Later another type of hypersensitivity was manifested, in the form of urticaria, repeated episodes of anaphylaxis and angioedema, mostly in people who spent much time outdoors. They had eaten meat several hours earlier. Intradermal allergy testing for meat was strongly positive, and IgE for meat was found to be high. The IgE is directed against alpha-gal residues on the meat. This was therefore designated red meat allergy.

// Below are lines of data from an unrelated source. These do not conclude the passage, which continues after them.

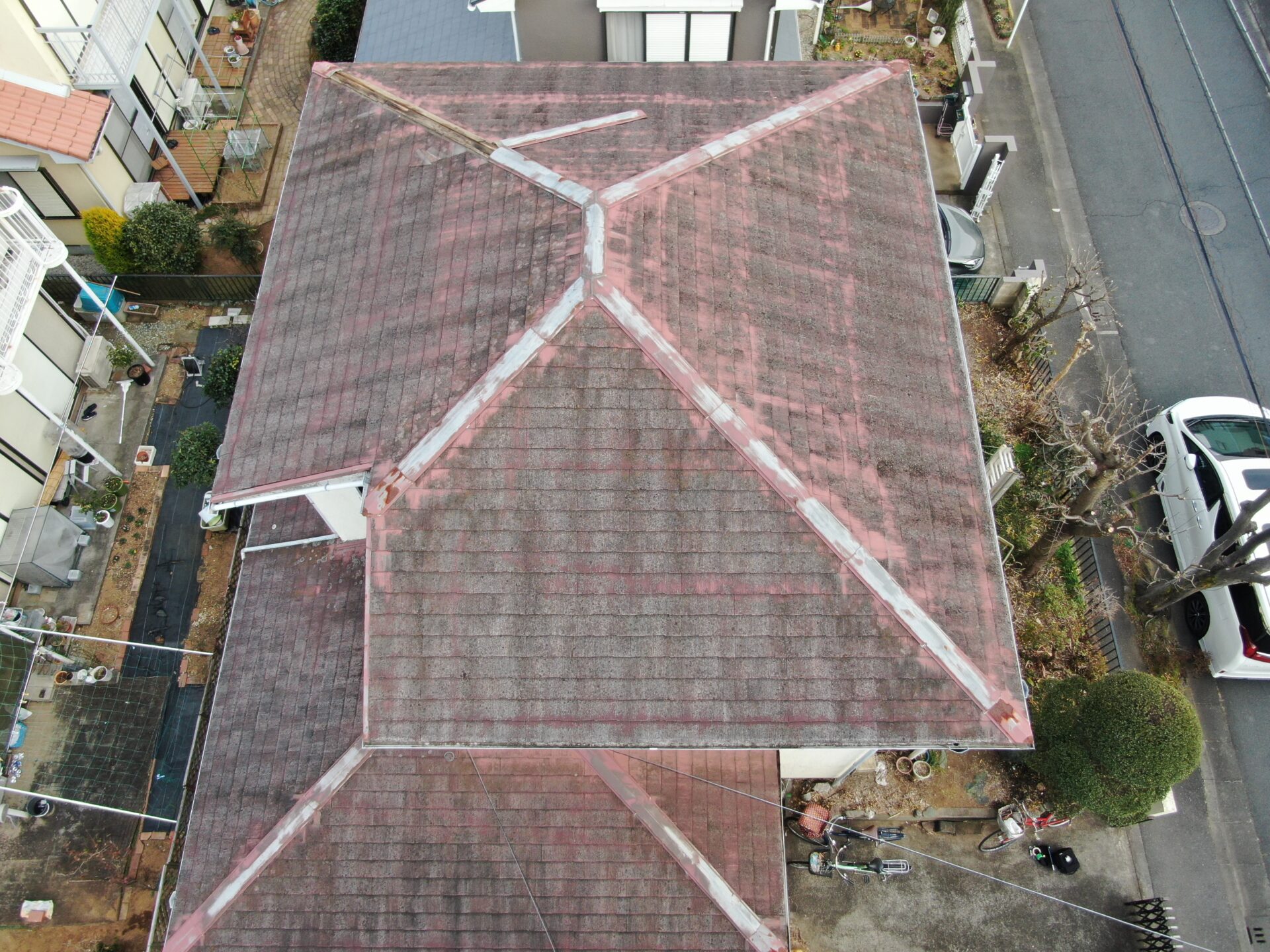 屋根上葺き工事 棟板金 劣化　屋根上葺き　台風被害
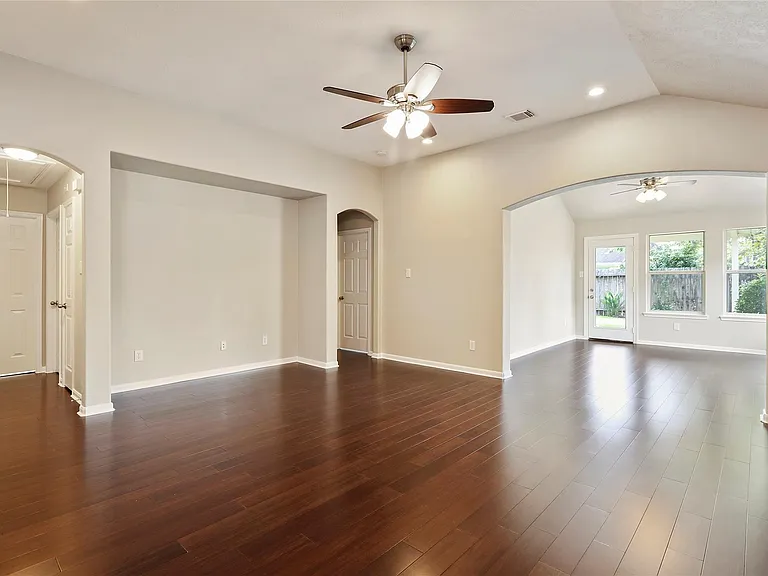 2362 Keegan Hollow Ln — Photo 12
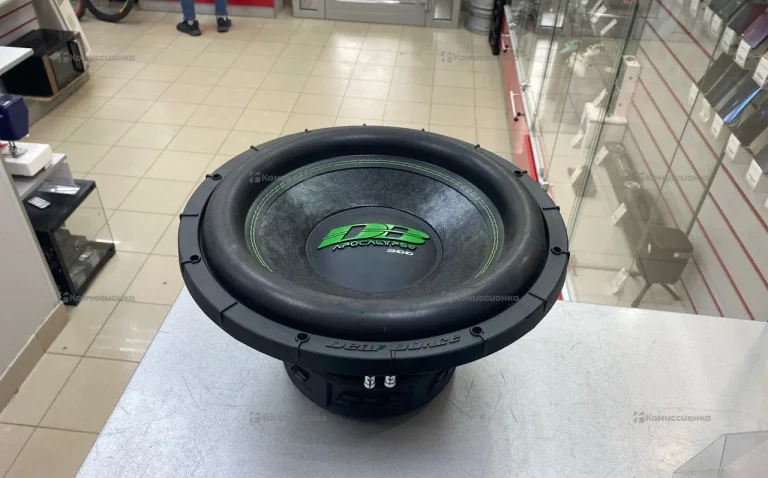 Сабвуфер Deaf Bonce DB-SA305 D2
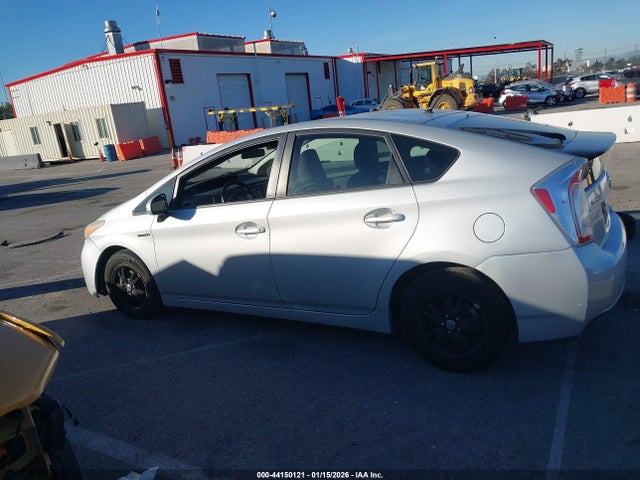 JTDKN3DU4F0468430 Toyota Prius Two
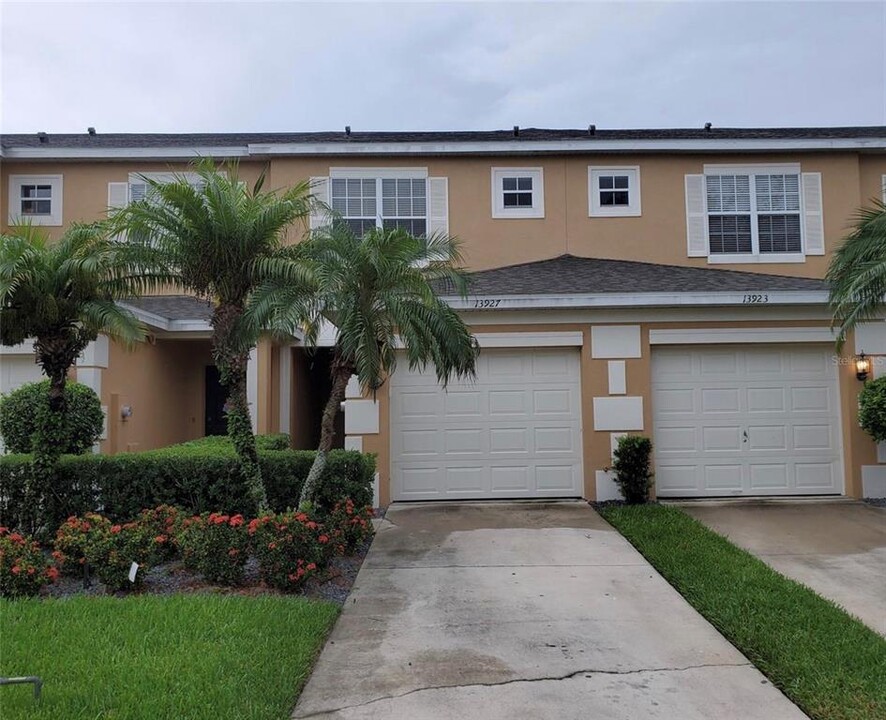 13927 Daniels Landing Cir in Winter Garden, FL - Foto de edificio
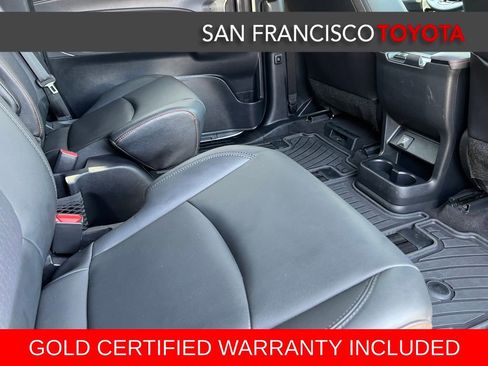 Certified 2022 Toyota Sienna XSE image 21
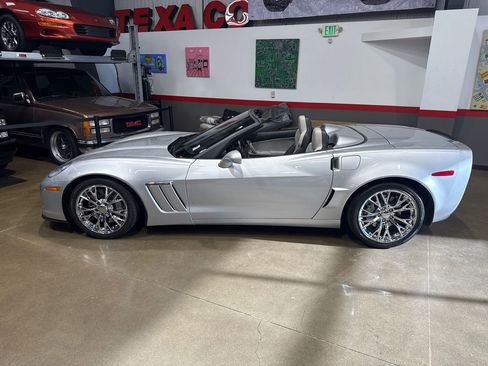 Used 2012 Chevrolet Corvette Grand Sport w/ 3LT Preferred Equipment Group image 7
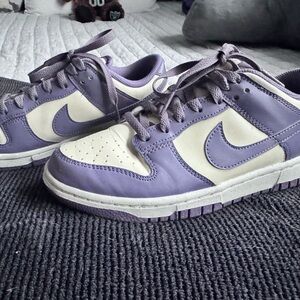 Nike Kids Sneakers in Purple and Cream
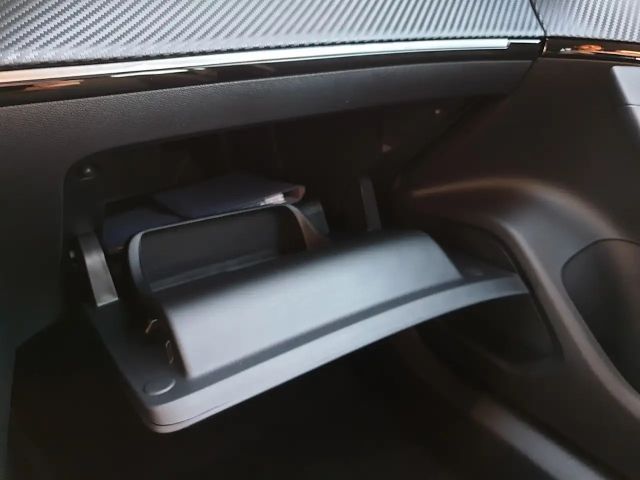 Peugeot 2008 Active Pack BlueHDi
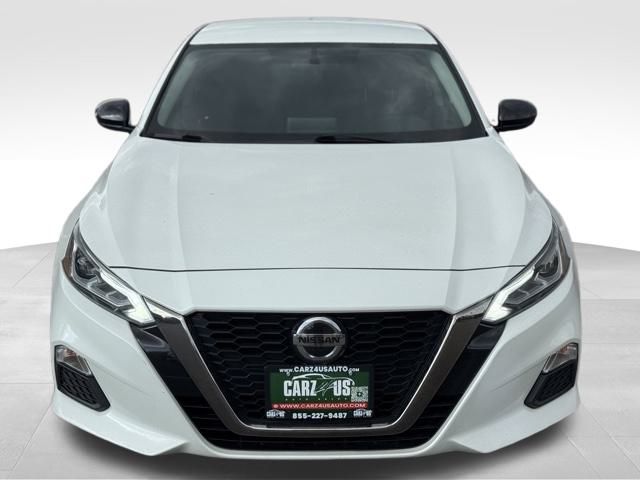 Vehicle image 2 of 37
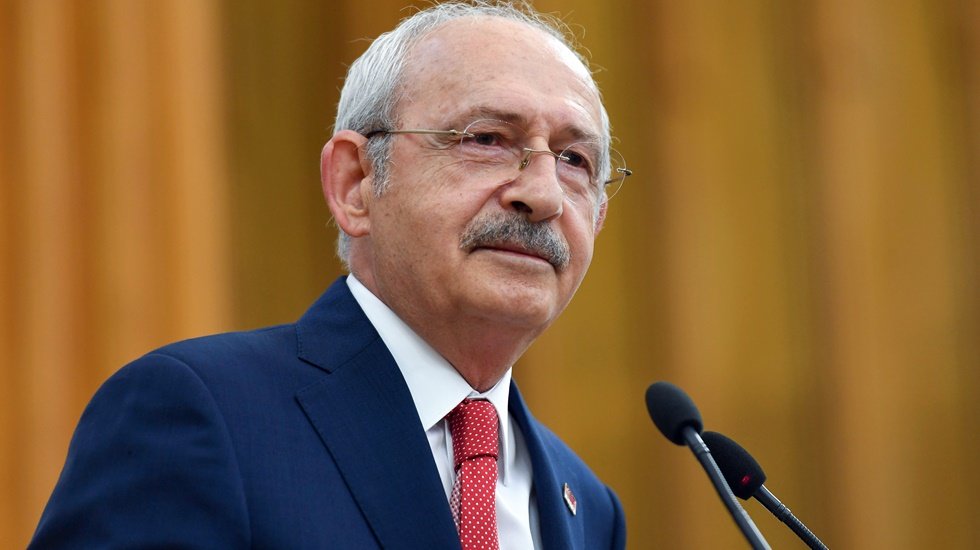 Kılı&ccedil;daroğlu'ndan Erdoğan'a: "Eğer y&uuml;rekli ve namuslu birisiysen karşıma &ccedil;ık"
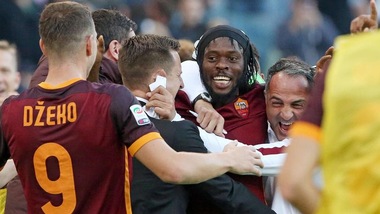 Risultati Serie A, 12ª giornata: Roma-Lazio 2-0, Palermo-Chievo 1-0, Frosinone-Genoa 2-2, Sassuolo-Carpi 1-0
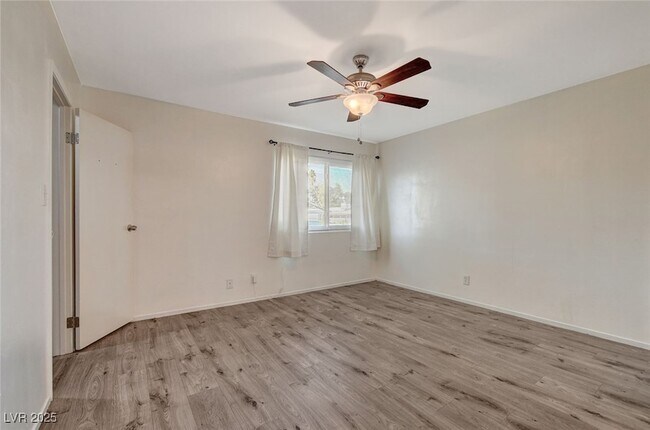 Building Photo - 6223 W Foothill Blvd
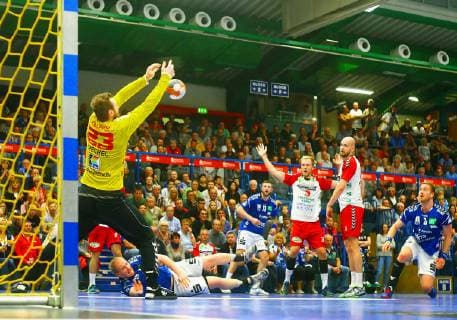 Torhüter Oliver Krechel (Hamm) meistert den Wurf von Bengt Bornhorn (Aue, am Boden); weiter von rechts: Eric Meinhardt (Aue) , Markus Fuchs (Hamm) , Fabian Huesmann (Hamm) und Mindaugas Dumcius (Aue) Handball 2.Liga 2018 19 EHV Aue - ASV Hamm-Westfalen 26:26 am 18.10.2018 EHV Aue - ASV Hamm-Westfalen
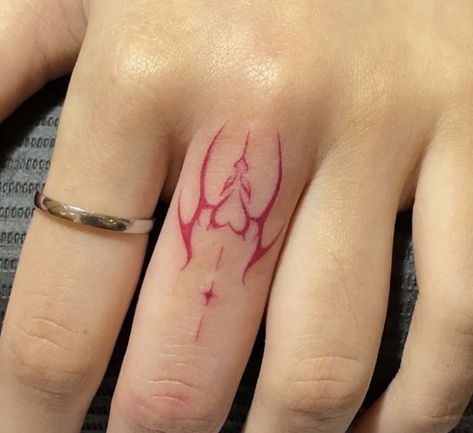 Red And Black Finger Tattoo, Finger Tattoos Edgy, Full Body Tattoo Designs, Tiny Finger Tattoos, Tato Jari, Pretty Hand Tattoos, Finger Tattoo Designs, Sharpie Tattoos, Hand Tats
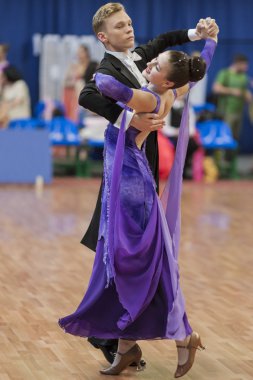 Tanımlanamayan Dans Çift Belarus Cumhuriyeti Ulusal Şampiyonası Ju-1 Standart Avrupa Programı Gerçekleştirir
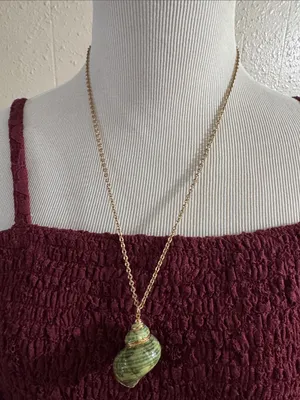Vintage Gold Chain Necklace with Green Shell Pendant thumbnail 2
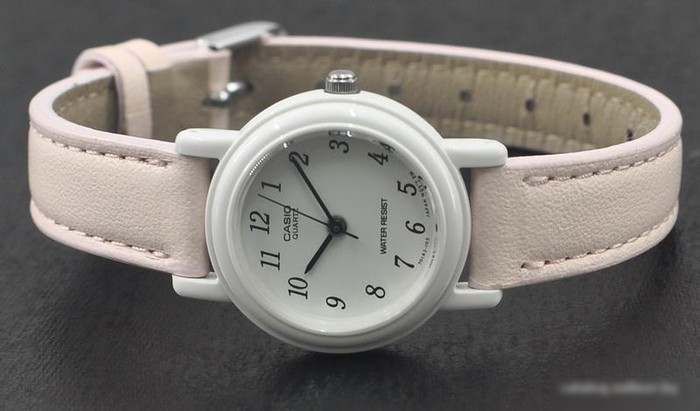 Наручные часы Casio LQ-139L-4B2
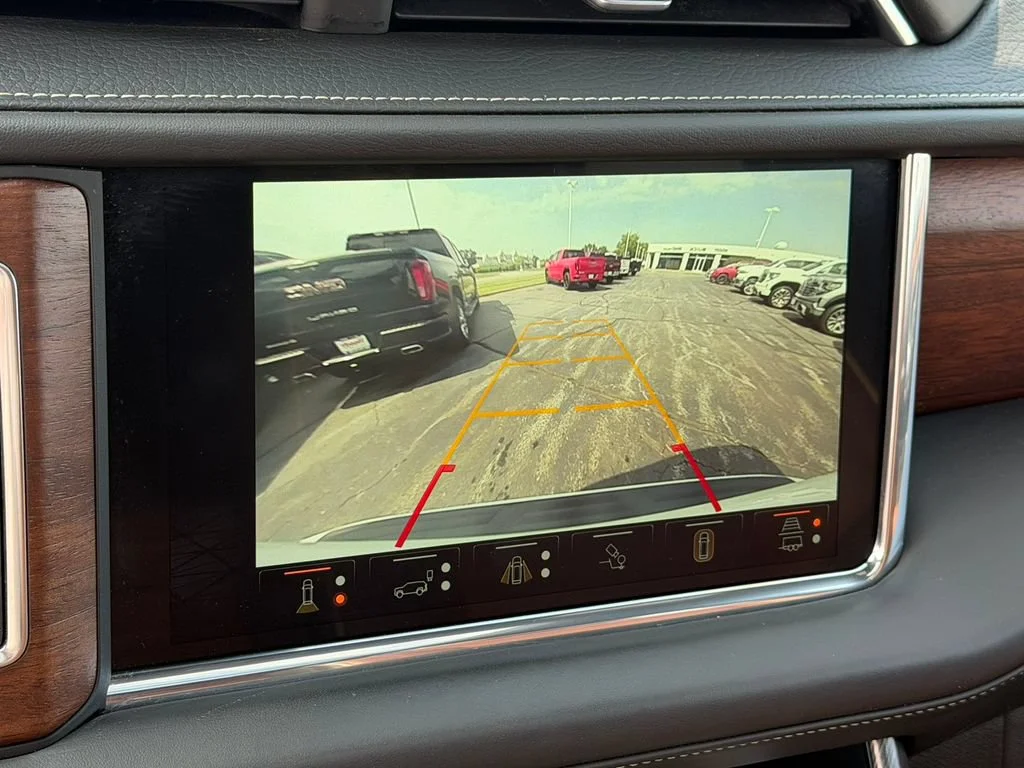 2023 GMC Yukon Denali Ultimate - Photo 51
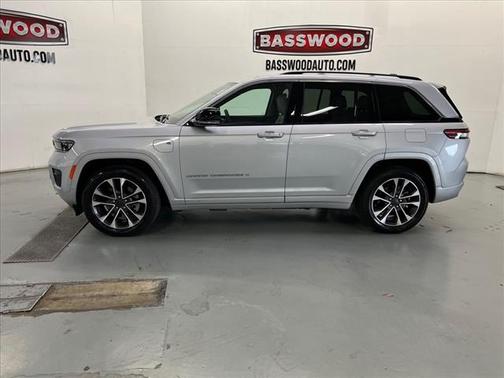 2022 Jeep Grand Cherokee 4xe Overland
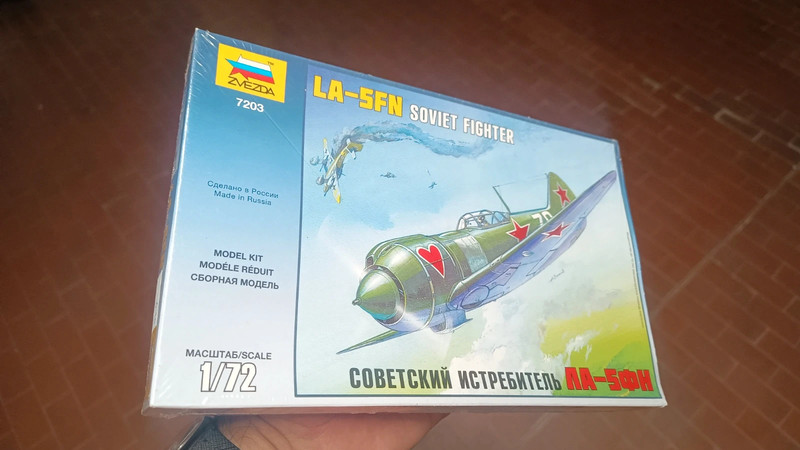 Kit Zvezda  aereo La5 FN soviet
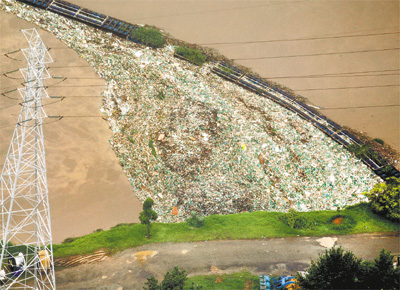 <b>VAI ACONTECER DE NOVO:</b> Acmulo de garrafas plsticas nas imediaes da usina da Traio, no rio Pinheiros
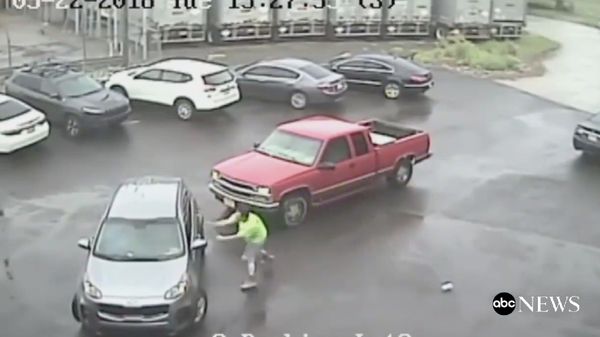Foto: Bawa Palu, Pria AS Mengamuk di Parkiran Philadelphia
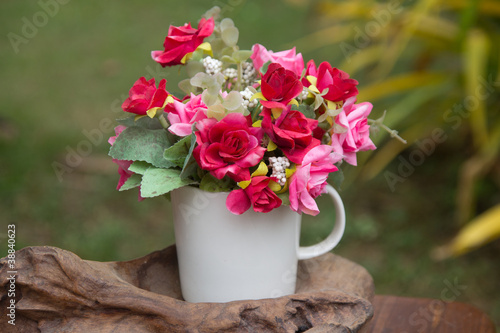 Bouquet of roses in vase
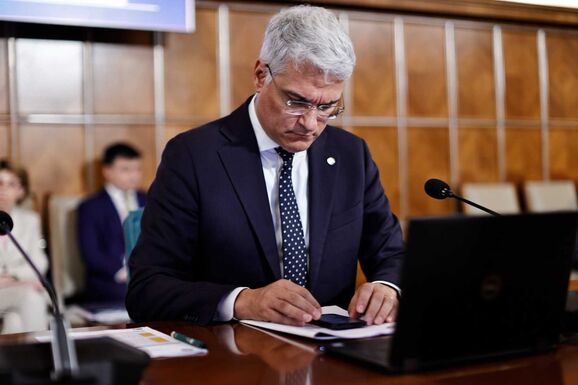 Grindeanu vádaskodik, Pîslaru bírósággal fenyeget
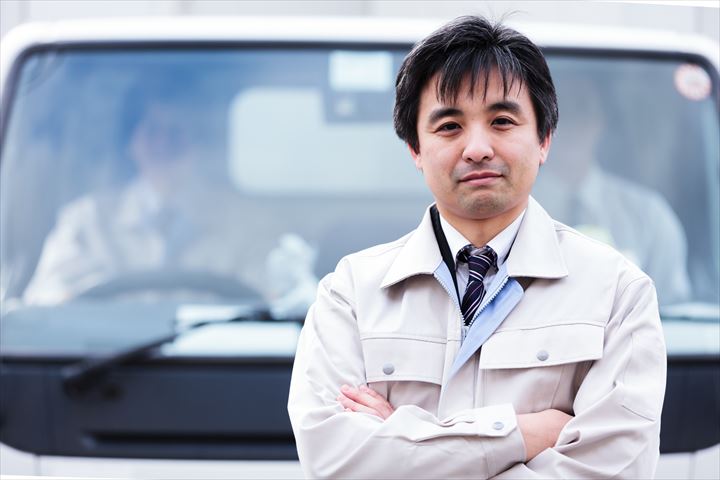 《四日市市》週払いOK・4ｔ車での企業向け一般貨物の集配ドライバー！（Web面接OK・高収入）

The areas from which red meat allergy was being reported overlapped the geographical distribution of cetuximab distribution and of tick bites. Researchers tested for the presence of IgE to alpha-gal in these patients, and it was found to be positive. In addition, there was a strong history of tick bite weeks or months before the onset of allergy. Following the bite, the level of IgE rose 4-10 times. The more itching the bite caused, the more likely it was to precipitate red meat allergy.
Tick Bites and Alpha-al Allergy
The relation of the tick bite to the causation of allergy to alpha-gal has been postulated to be due to one of the following ways:
- An unknown component in the tick saliva
- Partially digested mammalian non-primate glycosylated proteins or lipids in the tick’s stomach which are ejected into the next bite wound
- The presence of commensal organisms on the ticks which are responsible for the allergic reaction
The sensitization of the patient to the alpha-gal antigen site on the mammalian protein takes from 3-5 hours to manifest due to the delay in absorption of this oligosaccharide into the blood from the gut. Organ meats, especially pork kidneys, cause both more severe and more rapid onset of anaphylaxis.